John Yarno

No. 51
- Position: Center

Personal information
- Born: December 17, 1954 (age 71) Spokane, Washington, U.S.
- Listed height: 6 ft 5 in (1.96 m)
- Listed weight: 251 lb (114 kg)

Career information
- High school: Gonzaga (Spokane)
- College: Idaho (1973–1976)
- NFL draft: 1977: 4th round, 87th overall pick

Career history
- Seattle Seahawks (1977–1982); Denver Gold (1984);

Awards and highlights
- First-team All-American (1976); Idaho Vandals No. 56 retired;

Career NFL statistics
- Games played: 74
- Games started: 62
- Fumble recoveries: 3
- Stats at Pro Football Reference

= John Yarno =

American football player (born 1954)

John Richard Yarno, Jr. (born December 17, 1954) is an American former professional football player who was a center for the Seattle Seahawks of the National Football League (NFL). He was selected in the fourth round of the 1977 NFL draft by the Seahawks with the 87th overall pick, and played for six seasons, from 1977 through 1982. Yarno played college football for the Idaho Vandals.

==Early life==
Born and raised in Spokane, Washington, Yarno was one of six siblings and attended Gonzaga Prep through his junior year.
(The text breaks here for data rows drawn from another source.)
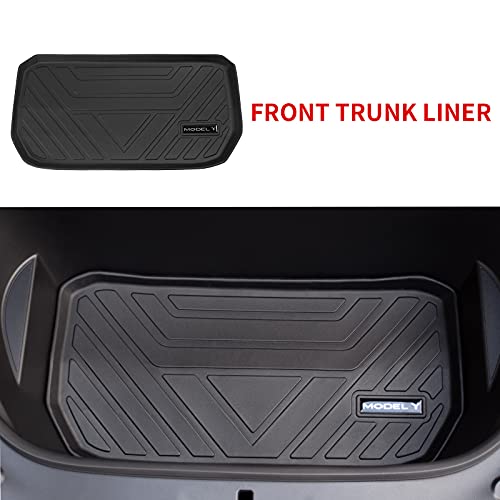 Tesla Model Y 2020-2022 Trunk Mat Floor Mats Cargo Mat Trunk Mat Cargo Liner Set(Four Trunk Mats + Floor Mats)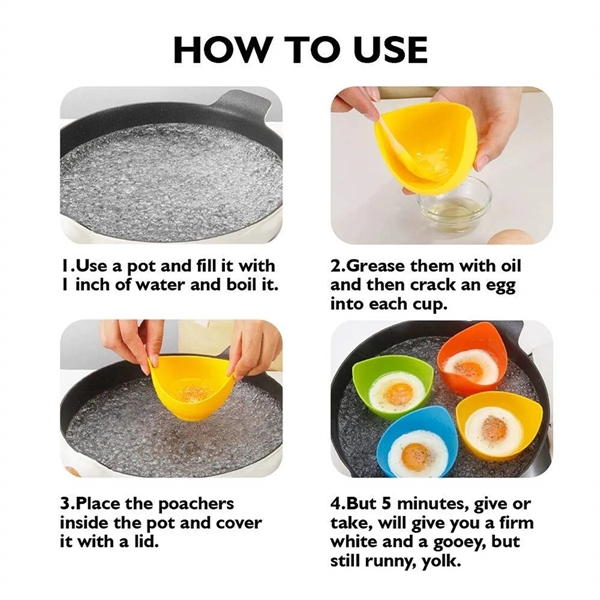 Silicone Egg Poacher Cup for Microwave - Silicone Egg Poacher Cup for Microwave - Image 4 of 4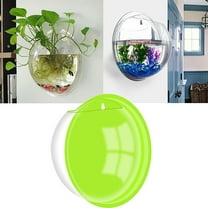 Limei 5.9 Inch Wall Fish Tank, Transparent Aquarium, Round Wall Mounted Hanging Fish Bowl Plant Pot Home Decor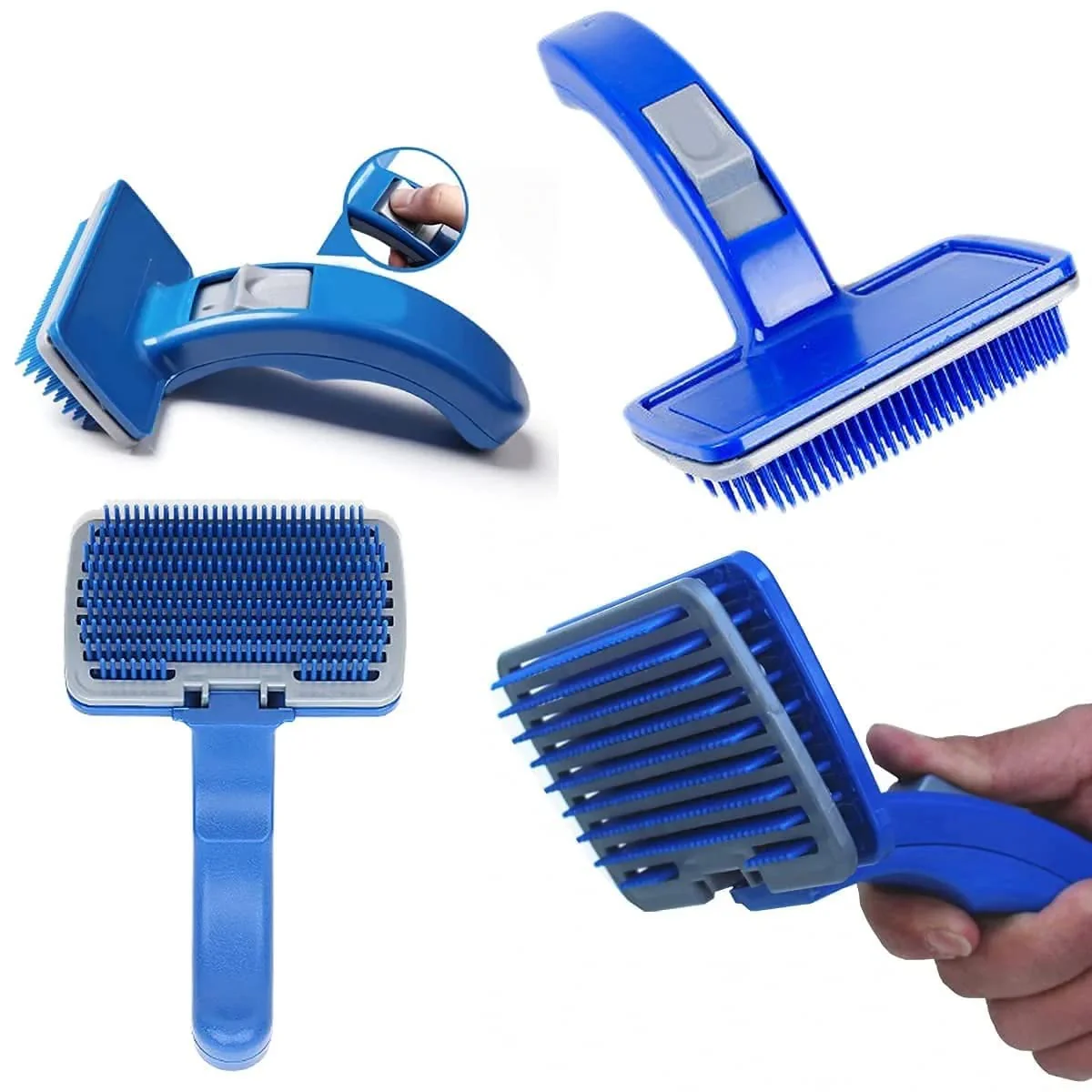 Self-Cleaning Pet Grooming Brush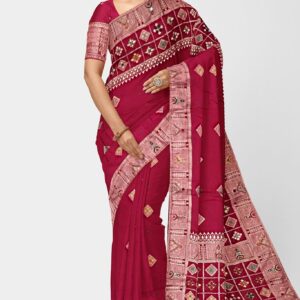 DOLA SILK SAREE PINK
He transferred to Ferris High School for his senior year and graduated in 1973. He was a second-team ("honorable mention") all-city selection at center in the fall of 1972, when the Saxons won their third consecutive city league championship. As a senior, Yarno was but under 200 lb.

==College career==
Left-handed and underweight for a center, Yarno was not highly recruited out of high school. He did not receive any offers from Pac-8 schools, only from Idaho and Boise State of the Big Sky conference. Idaho was a better fit for Yarno as it was closer to Spokane, a Division I program, and its offensive coordinator and line coach (Don Matthews) was a former head coach at Ferris and a UI alumnus. He also had familiarity with the college town of Moscow, the longtime residence of his maternal grandfather Lee Gregory, also a UI graduate. (Yarno's mother, Wanda (1925–62), died when he was not yet eight.) Yarno selected Idaho, then under fourth-year head coach Don Robbins, who had led Idaho to its then-best record of 8–3 in 1971.
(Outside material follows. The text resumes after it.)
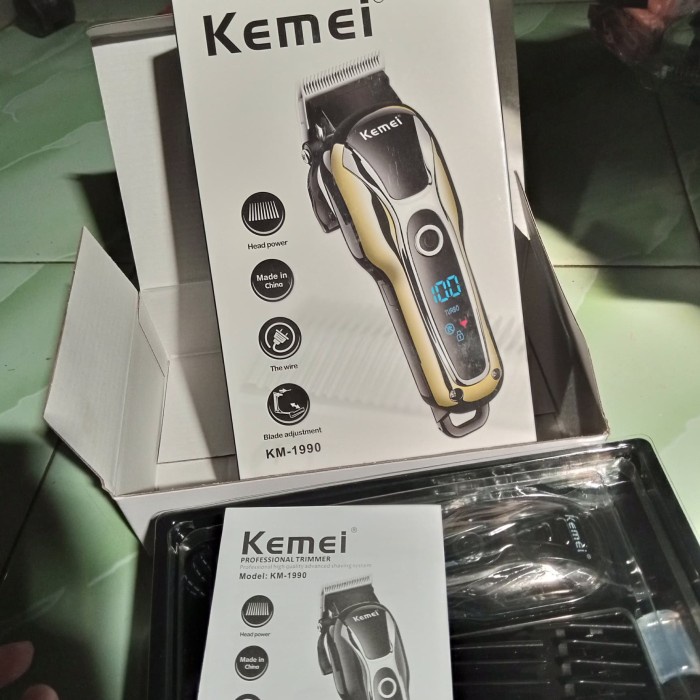 [New Ori] Mesin Cukur Alat Cukur Rambut Kemei Km 1990 Limited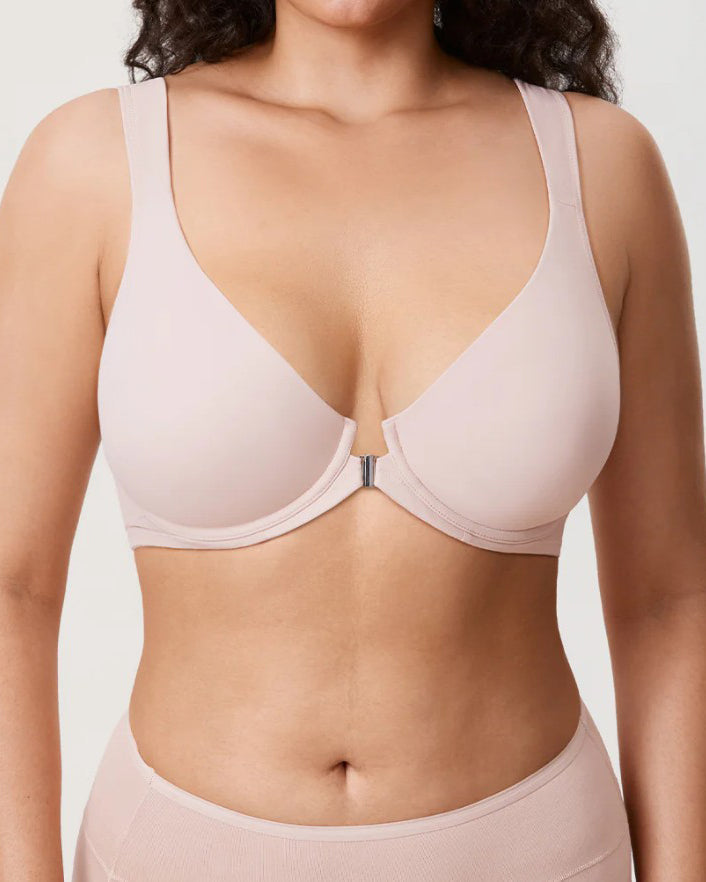 Plunge Wide Strap Bra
In his freshman season of 1973, the Vandals went 4–7 for the second consecutive year and the coaching staff was dismissed, except for Ed Troxel, who was promoted to head coach. Yarno saw action in every game as a freshman, then became a three-year starter in his sophomore season of 1974 under Troxel and offensive coordinator Dennis Erickson. In his senior season of 1976, Idaho was 7–4 for their first winning season in five years. He was a unanimous selection as the conference player of the year on offense, the first for an interior lineman. Yarno was the first Vandal to be named to the Division I first-team All-American (AP), which included a prime-time television appearance on the Bob Hope Christmas Special on NBC on Monday, December 13. The All-America team was headlined by Heisman Trophy winner Tony Dorsett of Pittsburgh. Yarno was also selected to play in the East–West Shrine Game and the Senior Bowl. The University of Idaho retired his number 56 the following year.

During his senior season at Idaho, Yarno was listed at and 246 lb. His younger brother George (1957–2016) was the nose tackle with neighboring Washington State in Pullman, and the two matched up often in the Battle of the Palouse in 1975 and 1976, both handily won by WSU at Martin Stadium.

==Professional career==
Selected in the fourth round (87th overall) of the 1977 NFL draft, Yarno made the team as a rookie, but saw little action in 1977. He played six seasons with the Seahawks, the last five as the starting center, and endured three knee surgeries while a pro. Yarno became the starter in training camp in 1978, but suffered ligament damage to his left knee in the thirteenth game of the regular season, a road win over Oakland in late November. He regained his starting position for the 1979 season and played every offensive down. Yarno signed a three-year contract in April 1983, but was waived by new head coach Chuck Knox in late August after the acquisition of Blair Bush from Cincinnati.

Not picked up by another NFL team in 1983, Yarno and his brother George signed three-year contracts with the Denver Gold of the USFL for the 1984 spring season. After limited playing time at center and tight end in the USFL and no interest from NFL teams in 1984, he decided to retire from pro football in November at age 29.

==Personal life==
After his third season in the NFL, Yarno married Sue Damrell in Spokane in June 1980. They had two children, Julie and Brian, and divorced in 2000. Yarno married Sandy Hurtig in 2003 and they reside in Coeur d'Alene, Idaho.